Retype the following data exactly, but leave its pictures out.

(Supplied data)

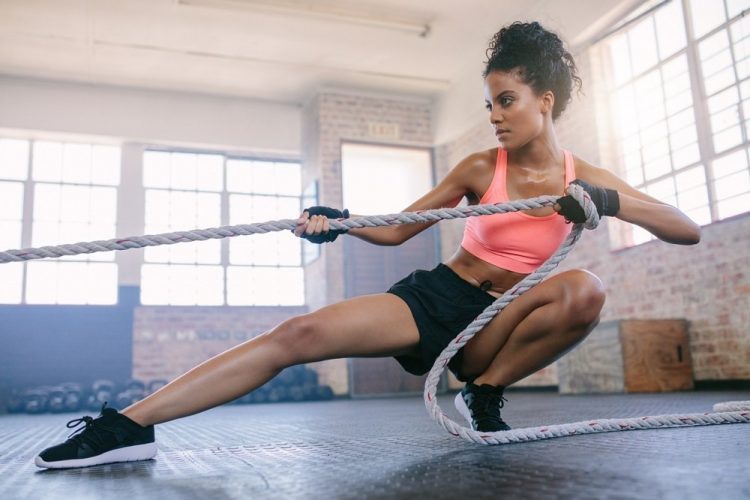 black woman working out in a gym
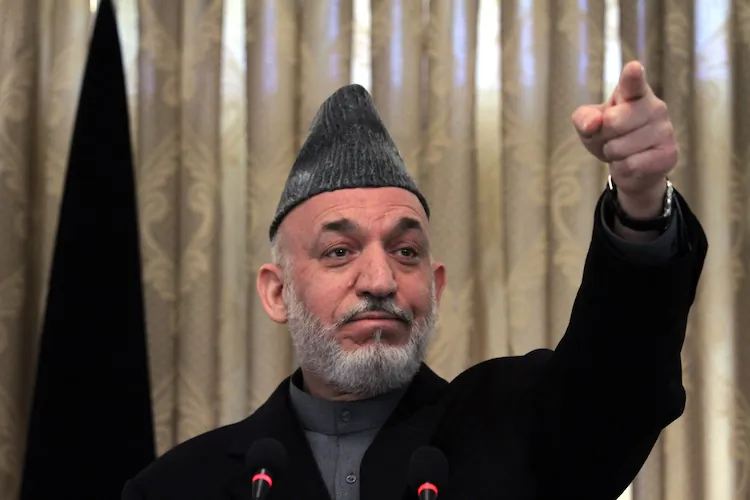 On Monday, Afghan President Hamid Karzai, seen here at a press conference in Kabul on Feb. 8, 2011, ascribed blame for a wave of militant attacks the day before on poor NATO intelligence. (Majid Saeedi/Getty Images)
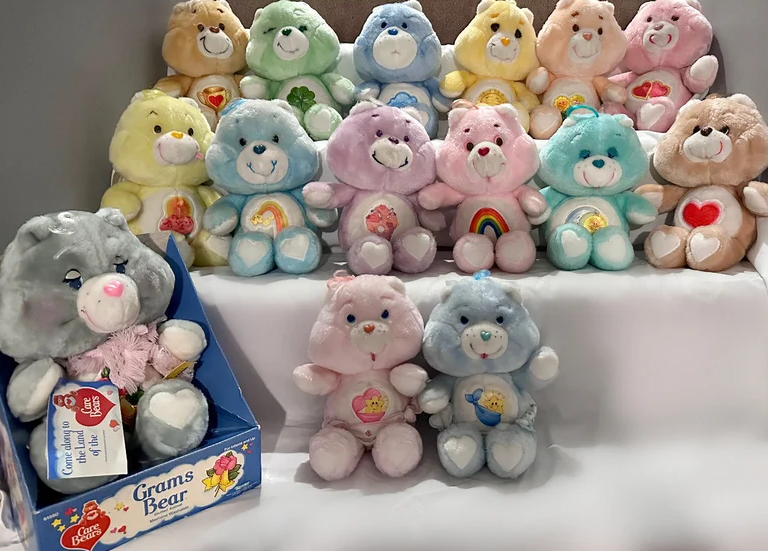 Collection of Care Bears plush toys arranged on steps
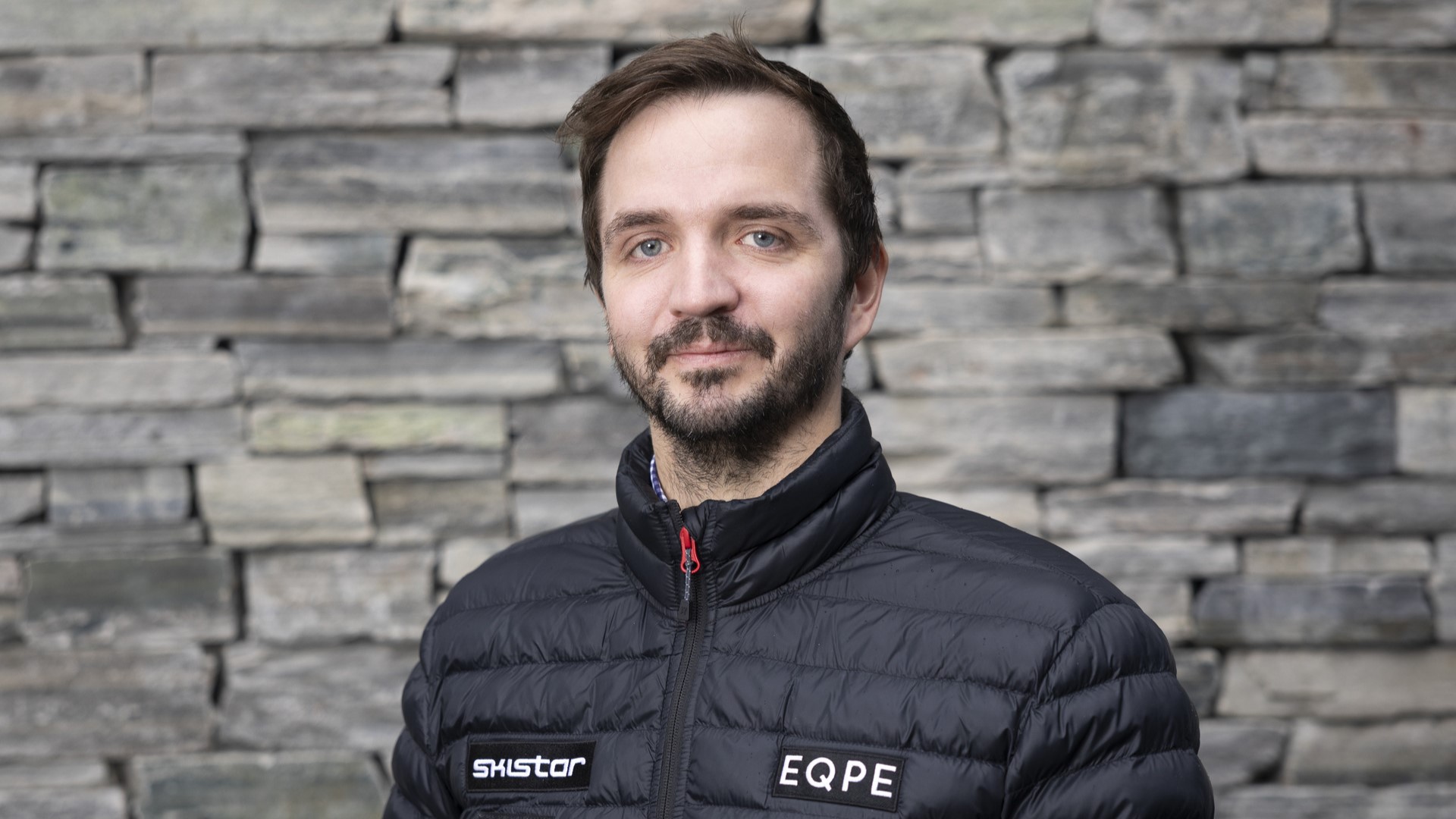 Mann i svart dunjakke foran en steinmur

(End Supplied data)

Task result:
 black woman working out in a gym
 On Monday, Afghan President Hamid Karzai, seen here at a press conference in Kabul on Feb. 8, 2011, ascribed blame for a wave of militant attacks the day before on poor NATO intelligence. (Majid Saeedi/Getty Images)
 Collection of Care Bears plush toys arranged on steps
 Mann i svart dunjakke foran en steinmur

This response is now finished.